This blog will discuss some of the more commonly used
business analytics tools that are used in the industry today. It is not enough
for a data analyst to learn about just one tool. They need to apply different
tools as per the situation or what the problem at hand demands. A general
knowledge of the strengths and weaknesses of the tools will definitely add
value to a data analytics career.
This blog will discuss the features of and give resources
for further information for three industry-leading tools: SAS, R, and SPSS.
Business analytics aims to model the data in order to
discover useful information or business insights and to support decision
making. It requires various operations on the data, such as reviewing,
cleansing, transforming and modeling, validations, and interpretations to gain
useful business insights. Sometimes the sets of data may have a million records
or more. Handling and operating such complex data requires automated analysis
tools. Fortunately, many such good tools are available today. A simple Google
search for data analysis tools will
give you a list of a number of such tools. Many of them are open source and
free for use. SAS, SPSS, and R are the most widely used software packages
today, at least for business analytics applications. R is the most popular and
widely used statistical analysis package in the open source category, and SAS
and SPSS are the two most widely used data analysis packages that are
commercially available.
The SAS tool has been around since the 1970s. There are
so many legacies built using this tool that most of the companies in the
corporate world that are into business analytics at any level continue to use
SAS. R was introduced in 1996. Over the years, a lot of new capabilities and
features have been built around R. It is one of the most powerful open source
data analysis tools available today. This makes it popular in the research and
academic community. Many companies from the corporate world have also started
using R. SPSS has also existed for more than 20 years now. It has a strong user
base in the social sciences and many other communities.

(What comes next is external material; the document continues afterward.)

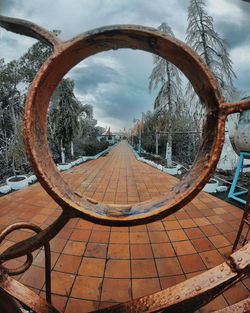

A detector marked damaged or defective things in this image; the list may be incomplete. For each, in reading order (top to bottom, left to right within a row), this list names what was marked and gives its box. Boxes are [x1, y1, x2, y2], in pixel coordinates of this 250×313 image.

rusty metal ring [1, 16, 250, 224]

Commonly Used Data Analysis Software
In the following sections, we talk about some commonly
used data analysis software and how to make a choice. SAS, SPSS, and R may be
termed as the most commonly used software in the industry.
SAS
·
Most widely used commercial advanced analytics
tool
·
Has lot of predictive modeling algorithms
SPSS
·
Has good text mining and data mining algorithms
R
·
Most widely used open source analytics tool
·
Has several packages for data analysis
MATLAB
·
Widely used for numerical analysis and computing
RapidMiner
·
Good GUI-based tool for segmentation and
clustering; can also be used for conventional modeling
·
Open source
Weka
·
Open source
·
Machine learning tool
SAP
·
Tool for managing business operations and
customer relations
·
Most widely used operations tracking tool
Minitab
·
A light mversion analytics tool
Apache Mahout
·
Open source
·
Advanced analytics tool for big data
Other Tools
·
Statistica
·
KXEN Modeler
·
GNU Octave
·
Knime
Choosing a Tool
The final choice of data analysis tool to be used depends
upon many considerations.
·
The business application, its complexity, and
the level of expertise available in the organization.
·
The long-term business, information, and
analytics strategy of the organization.
·
Existing organizational processes.
·
Budgetary constraints.
·
The investments proposed or already done in the
processing hardware systems, which in turn might decide on factors such as processing
power and memory available for the software to run.
·
Overall organization structure and where the analytics
work is being carried out.
·
Project environment and governance structure.
·
Comfort level of the company in using open
source software and warranties and other legal considerations.
·
The size of data to be handled.
·
The sophistication of graphics and presentation
required in the project.
·
What analytics techniques to be used and how
frequently they will be used.
·
How the current data is organized and how
comfortable the team is in handling data.
·
Whether a data warehouse is in place and how
adequately it covers business and customer information that may be required for
the analysis.
·
Legacy considerations. Is any other similar tool
in use already? If yes, how much time and resources are required for any
planned switch-over?
·
Return-on-investment expectations.
Many more considerations specific to an organization or a
project can be added to this list. The order of importance of these
considerations may vary from person to person, from project to project, and
from one organization to another. The final decision, however, is not an easy
one. The later sections of this blog will list a few comparative features of
SAS, SPSS, and R, which might help the decision-making process on the choice of
tool that will best suit your needs. Finally, instead of zeroing in on a single
tool, deciding to use multiple tools for different business analytics needs is
also possible.
In some cases, it might be concluded that a simple
spreadsheet application tool, such as Microsoft Excel, is the most convenient
and effective and yet gives sufficient insights required to solve the business
problem in hand.
Sometimes a single analytics project might require the
use of more than one tool. A data analyst will be expected to apply different
software tools depending on the problem at hand.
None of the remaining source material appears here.